Starting with the line that contains "One Direction Thumbs Up GIF", repeat exactly every line through the last one in the records below, and leave out the pictures.

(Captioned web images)
# # # # #
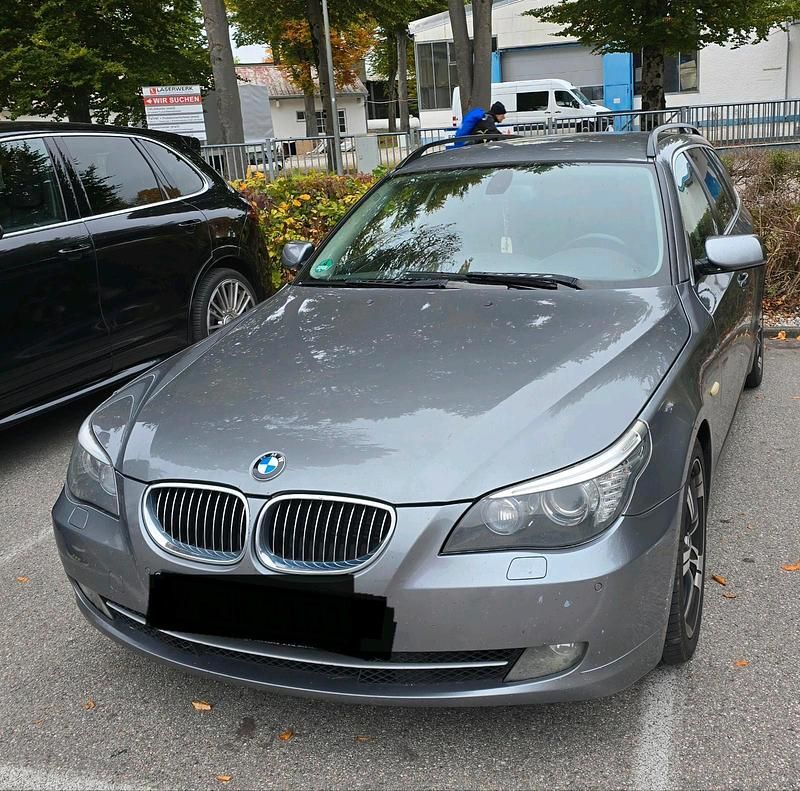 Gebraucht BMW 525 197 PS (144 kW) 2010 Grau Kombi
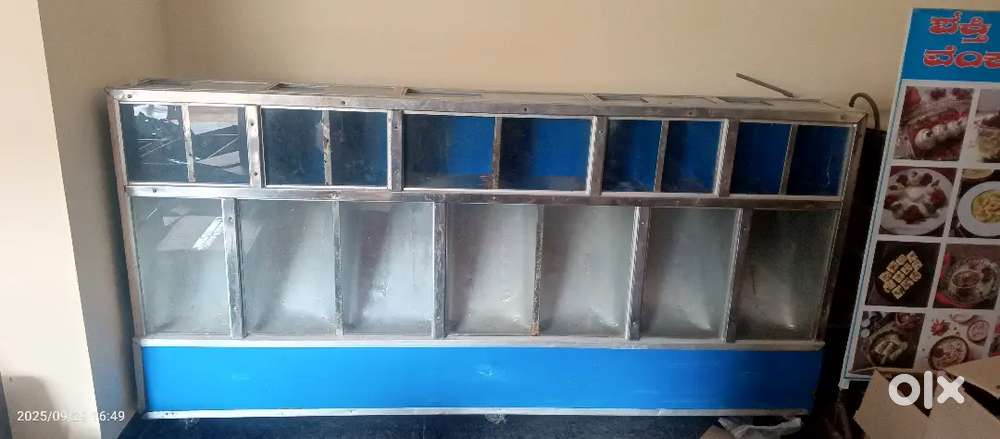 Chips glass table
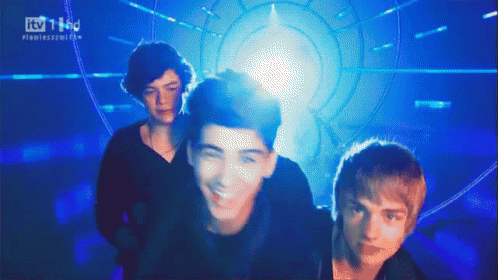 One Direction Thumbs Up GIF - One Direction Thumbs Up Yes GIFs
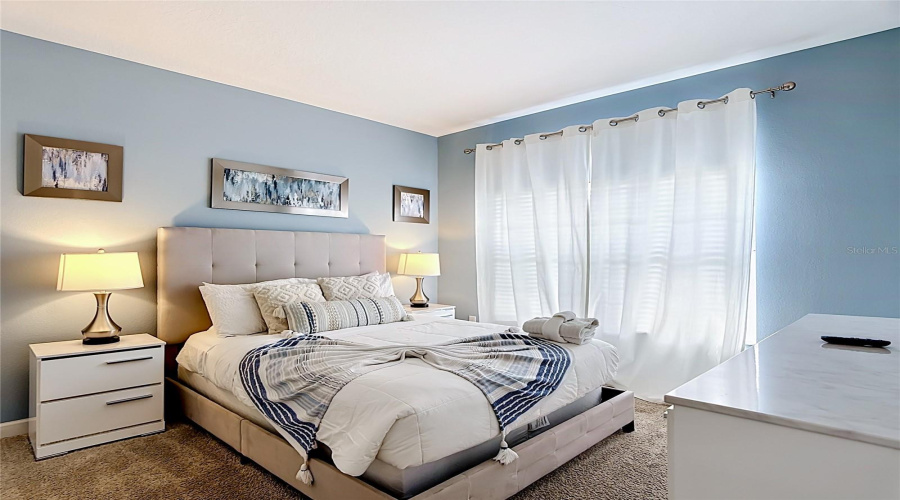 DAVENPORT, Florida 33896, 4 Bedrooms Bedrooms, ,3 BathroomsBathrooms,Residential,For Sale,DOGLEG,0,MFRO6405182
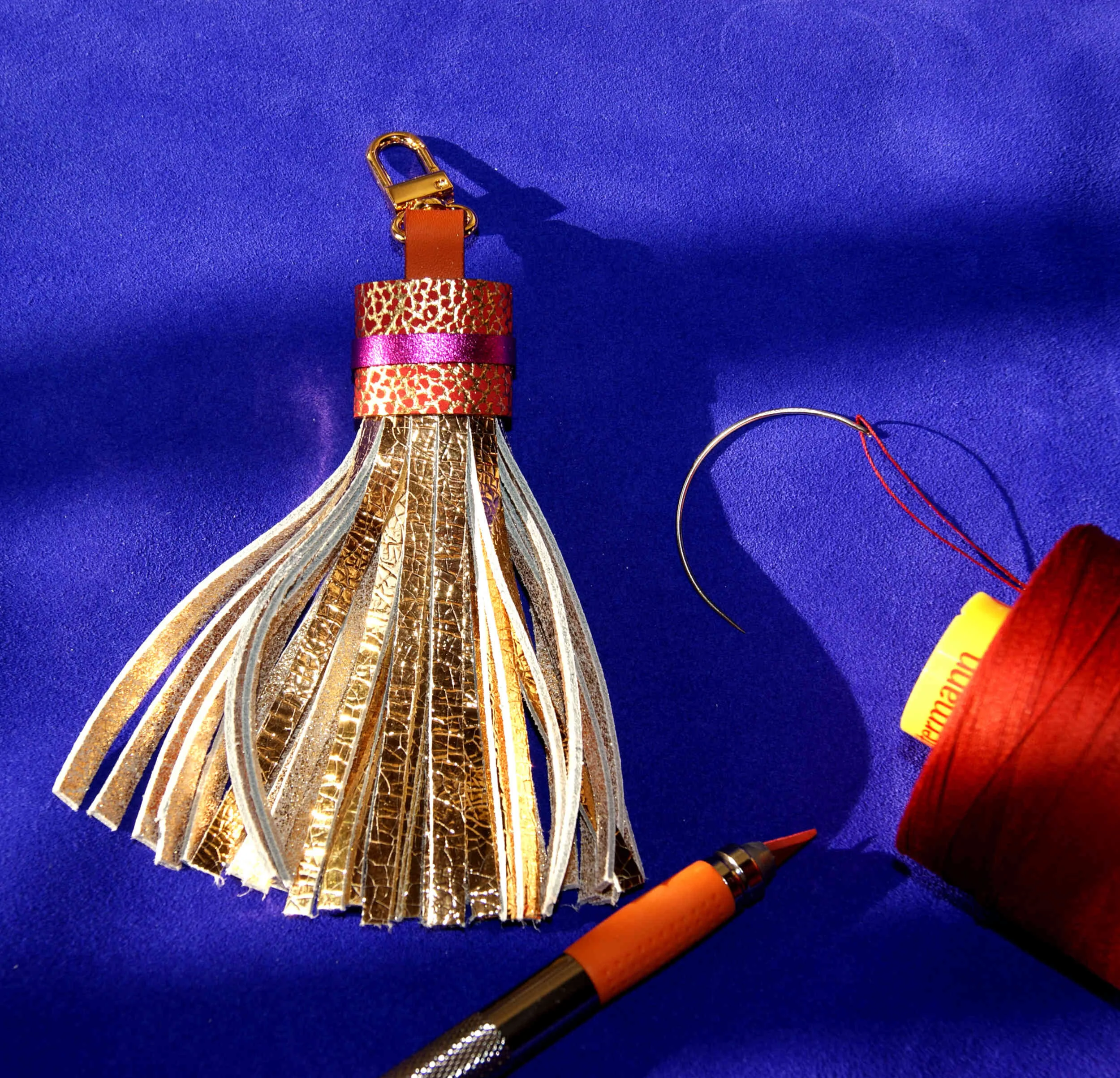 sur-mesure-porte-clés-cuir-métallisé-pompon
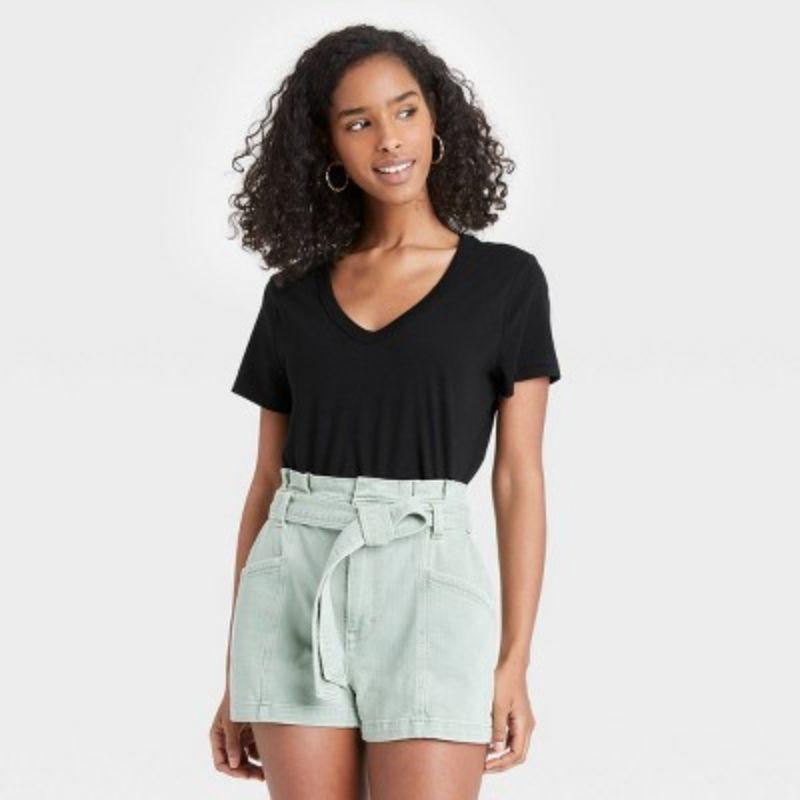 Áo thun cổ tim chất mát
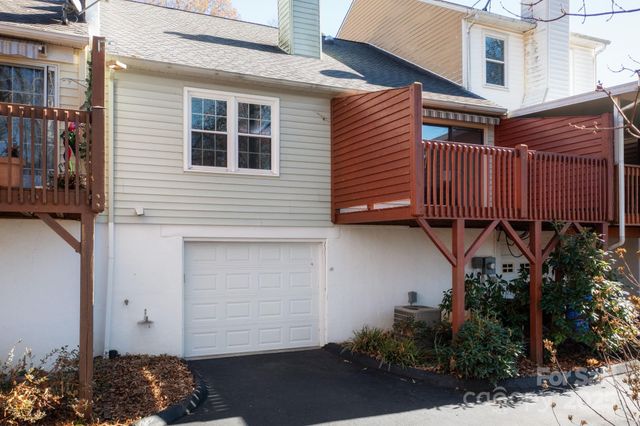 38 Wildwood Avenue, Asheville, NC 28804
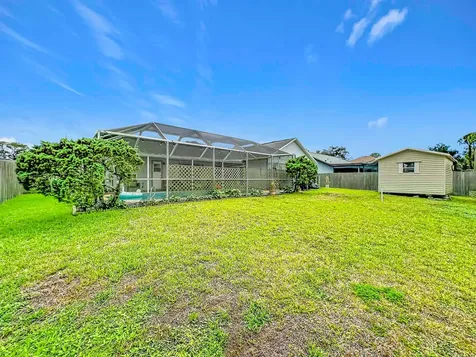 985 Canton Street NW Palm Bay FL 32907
# # # # #
» **Answer section**
 One Direction Thumbs Up GIF - One Direction Thumbs Up Yes GIFs
 DAVENPORT, Florida 33896, 4 Bedrooms Bedrooms, ,3 BathroomsBathrooms,Residential,For Sale,DOGLEG,0,MFRO6405182
 sur-mesure-porte-clés-cuir-métallisé-pompon
 Áo thun cổ tim chất mát
 38 Wildwood Avenue, Asheville, NC 28804
 985 Canton Street NW Palm Bay FL 32907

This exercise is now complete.